Gosh, but that poor young mother was in pain. You could tell. Her face was all set and white. Her three little babies were sound asleep but in those days they were sticklers for routine. You fed them every four hours on the dot. The first little baby did not want to be woken. They tried everything. Undressing her. Moving her around. Eventually, Sister Mulvaney sprinkled some water on her little face. That certainly woke her up. But the moment she started crying, the other two were off. All three screaming!
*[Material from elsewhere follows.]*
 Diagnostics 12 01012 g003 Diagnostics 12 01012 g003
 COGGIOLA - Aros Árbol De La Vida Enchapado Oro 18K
They got two of the babies and showed the mother how to tuck them back under her arms, one on each breast. But she couldn’t get the babies to latch on. Sister Mulvaney was barking out instructions and the mother was doing her best to follow them. By this stage, the babies had worked themselves up into a fine rage. What a racket! The whole ward was watching.

Eventually, they gave up and got a breast pump to try and get her milk started. They were dreadful, clunky old contraptions in those days. You could tell that poor mother was upset, with her babies hollering, Sister Mulvaney tut-tutting, and everyone pretending not to stare. All of a sudden she just burst into tears. My supervising nurse said, very know-it-all, “Ah the three-day blues, all new mothers cry on the third day.” And I remember thinking, But my goodness, who wouldn’t cry?


“Die, you little motherfucker.” Lyn squatted down on the kitchen floor and aimed the cockroach spray like a machine gun.

“Language, young lady!” Lyn looked up to see her stepdaughter, Kara, sucking in her cheeks in a parody of a horrified parent.

“I thought you were gone,” said Lyn, feeling a bit silly to be caught doing her private Hollywood gangster act. She didn’t normally say things like “motherfucker.” In fact, she generally swore only in situations involving cockroaches or her sisters.

“It’s escaping!” said Kara helpfully.

Lyn looked back down to see the cockroach scuttling across the tiles to a microscopic tunnel under the sink. No doubt it would now live a long, happy life and give birth to many thousands of sweet little cockroach babies.

Lyn stood up and looked at her watch. It was just on nine o’clock. “Aren’t you very late?”

Kara heaved an exhausted sigh to indicate she could not be expected to cope with yet another imbecilic question.

“Well, aren’t you?” asked Lyn, because she couldn’t help herself.

“Lyn, Lyn, Lyn.” Kara shook her head sadly. “What am I going to do with you?”